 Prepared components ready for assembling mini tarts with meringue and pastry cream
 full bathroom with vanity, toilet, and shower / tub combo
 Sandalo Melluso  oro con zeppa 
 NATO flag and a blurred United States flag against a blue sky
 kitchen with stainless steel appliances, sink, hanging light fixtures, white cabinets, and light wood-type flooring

================================

Work required:
Whenever the string "with" occurs in a line of the entries above, copy that line.

Solution for this exercise:
 Prepared components ready for assembling mini tarts with meringue and pastry cream
 full bathroom with vanity, toilet, and shower / tub combo
 kitchen with stainless steel appliances, sink, hanging light fixtures, white cabinets, and light wood-type flooring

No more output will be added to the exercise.